→ **SUPPLIED MATERIAL**
....................

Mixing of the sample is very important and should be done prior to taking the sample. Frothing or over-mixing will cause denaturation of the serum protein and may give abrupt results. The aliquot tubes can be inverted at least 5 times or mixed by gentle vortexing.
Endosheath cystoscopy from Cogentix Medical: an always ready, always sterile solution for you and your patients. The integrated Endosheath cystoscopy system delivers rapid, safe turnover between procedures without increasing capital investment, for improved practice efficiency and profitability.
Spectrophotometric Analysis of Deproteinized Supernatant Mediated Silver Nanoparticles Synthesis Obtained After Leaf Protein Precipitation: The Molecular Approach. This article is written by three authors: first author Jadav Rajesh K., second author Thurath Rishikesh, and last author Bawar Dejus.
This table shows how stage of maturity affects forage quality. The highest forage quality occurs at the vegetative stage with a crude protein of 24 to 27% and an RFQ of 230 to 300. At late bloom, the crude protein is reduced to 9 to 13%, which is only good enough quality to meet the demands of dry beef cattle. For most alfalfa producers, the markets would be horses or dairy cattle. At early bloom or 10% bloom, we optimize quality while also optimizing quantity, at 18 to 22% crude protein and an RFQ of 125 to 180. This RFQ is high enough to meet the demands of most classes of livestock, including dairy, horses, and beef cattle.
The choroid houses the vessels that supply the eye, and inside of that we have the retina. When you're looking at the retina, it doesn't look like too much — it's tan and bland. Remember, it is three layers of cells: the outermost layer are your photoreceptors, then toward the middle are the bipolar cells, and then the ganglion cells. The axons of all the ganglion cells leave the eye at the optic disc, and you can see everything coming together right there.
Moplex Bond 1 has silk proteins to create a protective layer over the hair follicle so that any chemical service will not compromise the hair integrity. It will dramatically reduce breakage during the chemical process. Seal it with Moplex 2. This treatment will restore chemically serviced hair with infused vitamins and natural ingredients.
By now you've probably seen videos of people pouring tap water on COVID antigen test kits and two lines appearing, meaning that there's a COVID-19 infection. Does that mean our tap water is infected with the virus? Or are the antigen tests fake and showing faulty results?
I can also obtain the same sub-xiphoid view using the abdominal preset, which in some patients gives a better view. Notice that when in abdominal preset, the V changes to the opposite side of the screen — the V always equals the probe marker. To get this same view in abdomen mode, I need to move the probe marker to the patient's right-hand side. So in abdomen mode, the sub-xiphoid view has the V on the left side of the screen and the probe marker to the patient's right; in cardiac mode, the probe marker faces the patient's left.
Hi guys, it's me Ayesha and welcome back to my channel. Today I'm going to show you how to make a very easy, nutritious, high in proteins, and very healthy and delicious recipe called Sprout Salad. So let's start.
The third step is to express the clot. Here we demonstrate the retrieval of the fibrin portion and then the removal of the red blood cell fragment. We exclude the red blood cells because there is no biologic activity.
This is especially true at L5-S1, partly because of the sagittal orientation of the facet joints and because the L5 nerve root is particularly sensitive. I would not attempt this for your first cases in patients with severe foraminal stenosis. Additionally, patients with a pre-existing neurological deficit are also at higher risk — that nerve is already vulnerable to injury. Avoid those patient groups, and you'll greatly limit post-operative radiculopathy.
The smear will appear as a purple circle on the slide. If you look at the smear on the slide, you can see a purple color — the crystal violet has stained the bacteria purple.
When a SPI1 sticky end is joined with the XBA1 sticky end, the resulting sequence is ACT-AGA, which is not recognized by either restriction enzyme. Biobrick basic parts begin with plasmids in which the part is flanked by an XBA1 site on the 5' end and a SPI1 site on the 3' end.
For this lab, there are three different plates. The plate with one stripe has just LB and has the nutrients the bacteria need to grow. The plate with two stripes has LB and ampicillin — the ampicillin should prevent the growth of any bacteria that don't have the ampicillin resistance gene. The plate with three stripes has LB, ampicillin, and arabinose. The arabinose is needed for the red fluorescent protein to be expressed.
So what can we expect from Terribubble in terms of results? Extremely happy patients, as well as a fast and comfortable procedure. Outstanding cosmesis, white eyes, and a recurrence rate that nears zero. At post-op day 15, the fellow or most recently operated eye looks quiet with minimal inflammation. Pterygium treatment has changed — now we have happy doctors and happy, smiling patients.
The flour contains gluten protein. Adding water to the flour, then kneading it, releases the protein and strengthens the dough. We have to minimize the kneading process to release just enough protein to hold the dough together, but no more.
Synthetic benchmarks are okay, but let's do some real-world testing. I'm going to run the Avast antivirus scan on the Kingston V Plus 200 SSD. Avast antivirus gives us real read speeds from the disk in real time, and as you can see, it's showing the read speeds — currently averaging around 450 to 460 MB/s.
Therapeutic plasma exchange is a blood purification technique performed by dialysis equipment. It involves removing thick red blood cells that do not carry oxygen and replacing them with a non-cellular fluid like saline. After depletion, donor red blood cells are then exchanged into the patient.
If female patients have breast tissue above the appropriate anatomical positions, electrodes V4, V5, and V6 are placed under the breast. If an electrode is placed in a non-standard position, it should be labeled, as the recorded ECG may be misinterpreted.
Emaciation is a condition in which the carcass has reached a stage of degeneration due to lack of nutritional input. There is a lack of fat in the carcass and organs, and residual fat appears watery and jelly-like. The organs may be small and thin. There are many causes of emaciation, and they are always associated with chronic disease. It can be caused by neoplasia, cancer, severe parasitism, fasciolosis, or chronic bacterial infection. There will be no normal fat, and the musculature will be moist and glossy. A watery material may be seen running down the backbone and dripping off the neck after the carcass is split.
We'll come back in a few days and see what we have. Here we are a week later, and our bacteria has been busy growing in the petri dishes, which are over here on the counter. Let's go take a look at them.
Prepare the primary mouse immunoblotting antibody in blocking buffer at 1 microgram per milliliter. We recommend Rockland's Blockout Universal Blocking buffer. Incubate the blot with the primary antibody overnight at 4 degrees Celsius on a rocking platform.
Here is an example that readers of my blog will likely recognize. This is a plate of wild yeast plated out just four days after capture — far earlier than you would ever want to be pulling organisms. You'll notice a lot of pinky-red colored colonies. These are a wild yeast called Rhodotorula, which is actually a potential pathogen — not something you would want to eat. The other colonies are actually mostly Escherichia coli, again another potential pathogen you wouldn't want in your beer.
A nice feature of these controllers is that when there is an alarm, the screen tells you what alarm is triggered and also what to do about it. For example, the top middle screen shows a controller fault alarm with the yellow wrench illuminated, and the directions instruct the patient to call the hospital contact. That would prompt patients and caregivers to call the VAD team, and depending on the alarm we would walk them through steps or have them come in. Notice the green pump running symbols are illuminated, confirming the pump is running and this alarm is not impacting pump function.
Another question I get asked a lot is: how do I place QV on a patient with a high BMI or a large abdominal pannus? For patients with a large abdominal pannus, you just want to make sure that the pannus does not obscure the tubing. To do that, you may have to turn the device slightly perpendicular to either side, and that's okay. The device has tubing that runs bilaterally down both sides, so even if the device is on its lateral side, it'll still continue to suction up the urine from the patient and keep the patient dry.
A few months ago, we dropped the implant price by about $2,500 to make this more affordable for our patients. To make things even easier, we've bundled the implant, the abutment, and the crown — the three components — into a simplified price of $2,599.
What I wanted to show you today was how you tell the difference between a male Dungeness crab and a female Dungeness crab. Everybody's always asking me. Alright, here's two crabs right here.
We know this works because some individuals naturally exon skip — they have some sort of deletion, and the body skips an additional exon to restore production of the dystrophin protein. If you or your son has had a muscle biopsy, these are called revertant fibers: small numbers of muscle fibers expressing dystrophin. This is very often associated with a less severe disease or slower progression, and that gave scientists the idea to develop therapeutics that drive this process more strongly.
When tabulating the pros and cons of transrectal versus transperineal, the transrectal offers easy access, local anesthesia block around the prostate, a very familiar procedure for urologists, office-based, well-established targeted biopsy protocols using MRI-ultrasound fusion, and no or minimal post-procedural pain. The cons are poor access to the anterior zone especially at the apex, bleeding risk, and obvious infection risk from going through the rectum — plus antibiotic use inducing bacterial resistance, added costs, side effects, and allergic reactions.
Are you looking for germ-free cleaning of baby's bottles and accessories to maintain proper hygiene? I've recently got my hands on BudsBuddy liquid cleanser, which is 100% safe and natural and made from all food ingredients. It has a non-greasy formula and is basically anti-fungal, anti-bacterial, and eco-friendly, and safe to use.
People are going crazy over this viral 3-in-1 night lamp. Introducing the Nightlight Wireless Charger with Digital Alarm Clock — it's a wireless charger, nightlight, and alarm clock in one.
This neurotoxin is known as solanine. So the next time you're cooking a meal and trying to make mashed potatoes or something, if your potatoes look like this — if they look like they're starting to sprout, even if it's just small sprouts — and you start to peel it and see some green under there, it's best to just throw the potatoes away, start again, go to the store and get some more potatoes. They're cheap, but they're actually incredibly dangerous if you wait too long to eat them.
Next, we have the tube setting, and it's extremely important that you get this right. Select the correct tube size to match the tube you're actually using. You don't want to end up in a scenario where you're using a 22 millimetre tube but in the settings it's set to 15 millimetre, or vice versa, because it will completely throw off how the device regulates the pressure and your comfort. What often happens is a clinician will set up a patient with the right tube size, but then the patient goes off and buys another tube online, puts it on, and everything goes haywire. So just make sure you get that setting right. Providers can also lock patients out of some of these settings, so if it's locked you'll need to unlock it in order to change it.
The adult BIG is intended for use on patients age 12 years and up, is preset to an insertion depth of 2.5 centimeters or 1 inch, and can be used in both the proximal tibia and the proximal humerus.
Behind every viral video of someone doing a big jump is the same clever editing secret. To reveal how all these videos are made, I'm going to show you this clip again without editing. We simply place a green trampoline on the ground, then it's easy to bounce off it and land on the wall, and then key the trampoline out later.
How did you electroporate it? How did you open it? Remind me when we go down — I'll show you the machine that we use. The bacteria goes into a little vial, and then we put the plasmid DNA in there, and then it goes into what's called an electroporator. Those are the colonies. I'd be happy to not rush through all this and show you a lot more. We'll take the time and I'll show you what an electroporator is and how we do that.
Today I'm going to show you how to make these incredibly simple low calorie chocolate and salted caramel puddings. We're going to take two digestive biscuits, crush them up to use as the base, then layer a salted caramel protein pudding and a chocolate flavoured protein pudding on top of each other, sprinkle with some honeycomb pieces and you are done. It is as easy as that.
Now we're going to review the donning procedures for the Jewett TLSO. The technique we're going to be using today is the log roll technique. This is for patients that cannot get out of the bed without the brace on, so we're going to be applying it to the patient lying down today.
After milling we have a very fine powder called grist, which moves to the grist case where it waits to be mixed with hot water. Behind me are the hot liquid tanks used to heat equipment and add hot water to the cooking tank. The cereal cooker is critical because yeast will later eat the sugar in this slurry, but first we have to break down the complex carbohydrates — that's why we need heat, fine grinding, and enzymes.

....................

Search the listing for the word "showing". Copy every line in which it occurs.

→ **SOLUTION TO THE EXERCISE**
By now you've probably seen videos of people pouring tap water on COVID antigen test kits and two lines appearing, meaning that there's a COVID-19 infection. Does that mean our tap water is infected with the virus? Or are the antigen tests fake and showing faulty results?
Synthetic benchmarks are okay, but let's do some real-world testing. I'm going to run the Avast antivirus scan on the Kingston V Plus 200 SSD. Avast antivirus gives us real read speeds from the disk in real time, and as you can see, it's showing the read speeds — currently averaging around 450 to 460 MB/s.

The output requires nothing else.